Что же касается эгрессии, то, как мы видели, ее развитие может итти в одном или в другом направлении, и это зависит от характера среды по отношению к различным частям системы. В сущности, среда никогда и не может быть одинаковой для центра и для периферических комплексов: поскольку они различаются структурно, постольку и различно, так сказать, «воспринимают» ее действия, при прочих равных условиях. Это надо постоянно принимать в расчет при исследовании эгрессивных форм.

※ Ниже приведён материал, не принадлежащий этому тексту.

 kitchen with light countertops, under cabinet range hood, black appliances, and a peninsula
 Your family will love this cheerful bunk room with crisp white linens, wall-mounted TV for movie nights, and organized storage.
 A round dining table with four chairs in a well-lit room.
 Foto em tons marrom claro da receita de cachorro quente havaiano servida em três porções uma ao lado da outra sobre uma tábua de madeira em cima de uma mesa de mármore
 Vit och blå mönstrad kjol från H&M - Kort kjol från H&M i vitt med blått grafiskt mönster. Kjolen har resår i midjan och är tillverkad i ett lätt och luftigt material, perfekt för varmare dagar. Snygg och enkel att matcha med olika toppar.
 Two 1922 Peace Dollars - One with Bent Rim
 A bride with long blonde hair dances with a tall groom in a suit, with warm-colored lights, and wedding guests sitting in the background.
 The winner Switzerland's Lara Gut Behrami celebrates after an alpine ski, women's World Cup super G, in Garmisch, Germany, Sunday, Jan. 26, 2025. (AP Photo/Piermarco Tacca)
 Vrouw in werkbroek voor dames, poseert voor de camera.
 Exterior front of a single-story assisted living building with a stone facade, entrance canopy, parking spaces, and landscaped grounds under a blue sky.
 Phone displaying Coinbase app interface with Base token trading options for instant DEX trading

Возрастание эгрессивной разности внутри первобытной родовой группы привело к обособлению в ней постоянного центра в лице «патриарха», руководителя труда и распределения, старейшего и опытнейшего ее члена. Еще до этого времени можно было бы принимать жизненную среду за приблизительно одинаковую для членов группы, с поправкой только на различие самых организмов — потому что и труд и распределение, на основе кровной связи, оставались достаточно равномерными, а внешняя жизненная обстановка была одна и та же, общая. Но постоянный руководитель неизбежно пользуется своим положением, чтобы отклоняться от этой равномерности; сознательно или бессознательно, он в распределении труда и продукта дает некоторое преимущества себе, а затем ближайшим своим родичам. Тогда эгрессивная разность увеличивается тем быстрее; а в связи с этим еще более развивается неоднородность условий жизни внутри общины, и т. д. Неравенство ослабляет значение кровной связи; впоследствии ее рамки совсем разрываются, и создаются новые формы эгрессии — феодализм, рабство, с их прогрессирующей эксплоатацией, которая в патриархально–родовой группе находилась лишь на ступени едва уловимого зародыша.

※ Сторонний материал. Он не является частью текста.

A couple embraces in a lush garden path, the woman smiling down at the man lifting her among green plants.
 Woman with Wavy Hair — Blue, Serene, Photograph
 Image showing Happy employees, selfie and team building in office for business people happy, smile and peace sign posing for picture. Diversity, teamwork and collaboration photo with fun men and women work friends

Получается, как будто, картина неограниченного, лавинообразного роста эгрессивной разности на основе условий, все более и более благоприятных для центрального комплекса, по сравнению с периферией. Но при ближайшем исследовании это не так просто. Всякая жизнь вообще, и особенно социальная, есть сложный комплекс различных специфических активностей. Условия, особенно благоприятные для развития одних из этих активностей, могут быть вовсе не благоприятны для других; как раз таков случай социальной эгрессии, связанной с эксплоатацией.

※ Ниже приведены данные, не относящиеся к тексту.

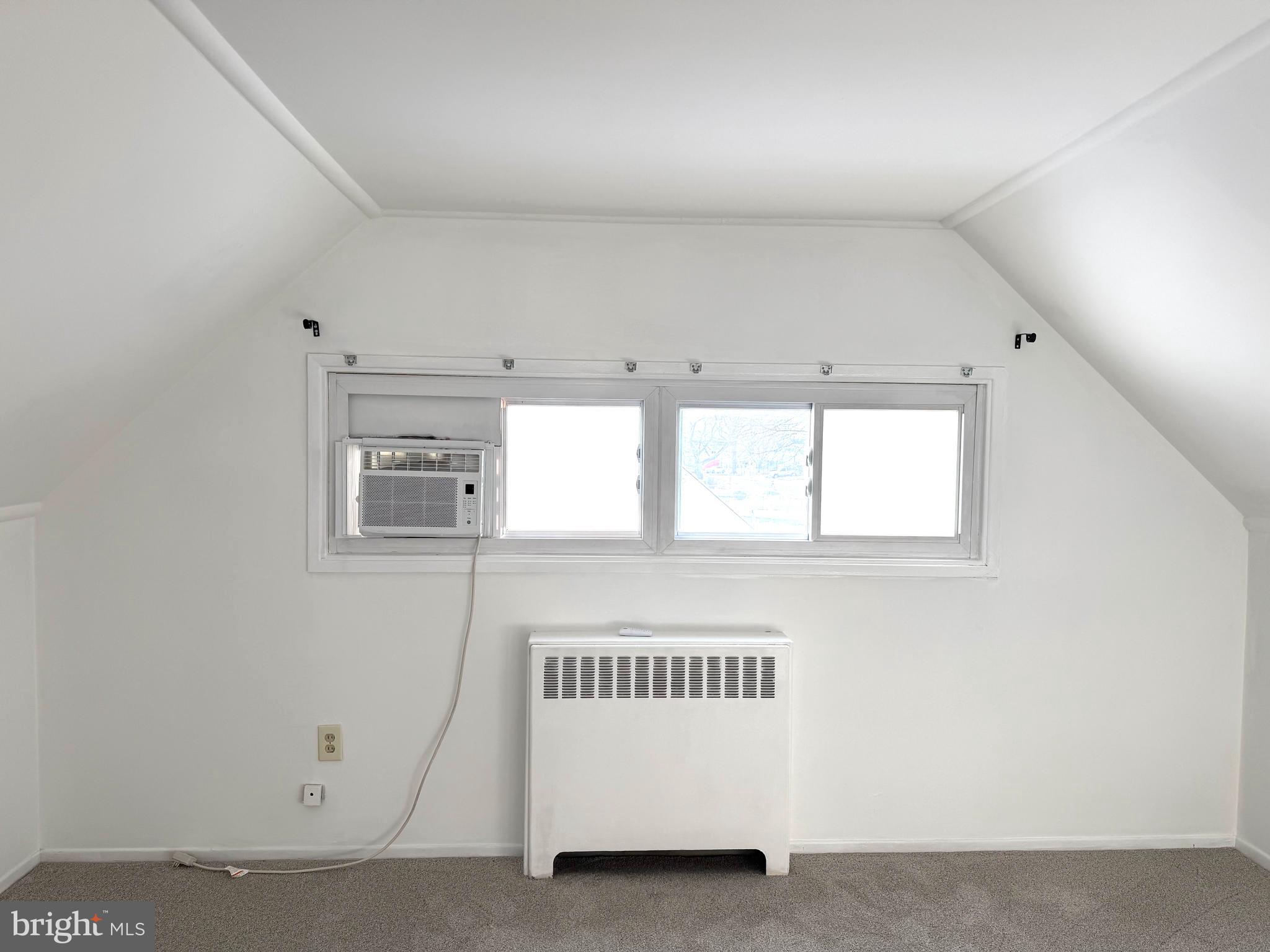 56 Indian Red Road Levittown, PA 19057 - Photo 14 of 19 a view of a hallway with window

Две главные группы социальных активностей, это, с одной стороны, те, которые направляются на производство, с другой — те, которые относятся к потреблению. При развивающейся эксплоатации среда разных частей системы изменяется неравномерно по отношению к этим двум группам. Для эксплоатирующей личности, группы, класса, чем дальше идет эксплоатация, тем шире возможности потребления; и в этом смысле эгрессивная разность с эксплоатируемыми личностями, группами, классами, очевидно, не перестает возрастать, пока сохраняется основное строение системы. Так это и бывает; напр., у феодалов за все время их господства прогресс их потребностей, уменья разнообразно и утонченно пользоваться прибавочным продуктом, до самого конца не останавливался; то же наблюдается и для буржуазии в последующем периоде. Но иначе было с производственными активностями. Лишь в начале, при незначительном жизненном обособлении господствующих и подчиненных элементов социальной организации, первые могут прогрессировать и в производительно–трудовом направлении, потому что остаются еще в прямой, тесной связи с производством: отчасти и сами работают, руководя подчиненными при помощи живого примера, отчасти вмешиваются в работу тех, контролируя и регулируя весь ее конкретный ход, определяя его и переживая его если не прямо, то косвенно. В дальнейшем, все более возвышаясь над эксплоатируемыми, они все дальше отходят от непосредственно–трудового процесса, ограничиваются лишь все более общим руководством и надзором; материалы, орудия, т. — е. реальные условия производства, перестают быть их ближайшей средою; иметь дело со всем этим они предоставляют подвластным — крестьянам, крепостным, рабам, рабочим; и таким образом для эксплоататоров мало–по–малу исчезают основные предпосылки развития производственных активностей; в этом смысле среда становится для них все более неблагоприятной, и с течением времени начинается регресс, упадок. Исторически, обычно получалось, наконец, превращение эксплоататоров в паразитов, т. — е. полное отмирание их социально–трудовой функции, потеря всей суммы производственных активностей.

Для «комплексов периферии», т. — е., в данном случае, эксплоатируемых, подвластных, условия среды, как–будто, являлись благоприятными в смысле трудового прогресса: живое взаимодействие с объектом труда, физической природой, с материалами и орудиями производства. Но это только одна сторона их «среды». Другая ее сторона — это «центральные комплексы», т. — е., в нашем примере, эксплоататорские элементы. Если они усиливают эксплоатацию больше и больше, отнимают у подвластных возрастающую сумму их жизненной энергии в виде продуктов и иными путями (напр., жестоким обращением), то все, приобретаемое трудовыми классами с одной стороны, теряется, и еще с избытком, с другой. Они оказываются под непрерывным действием отрицательного подбора, которое рано или поздно, накопляясь, достигает разрушительных размеров: они вырождаются через истощение. Так было в рабовладельческом античном мире: господа обессилели от безделья и роскоши, рабы — от непосильного труда и тяжелой обстановки; в результате получилось общее крушение системы.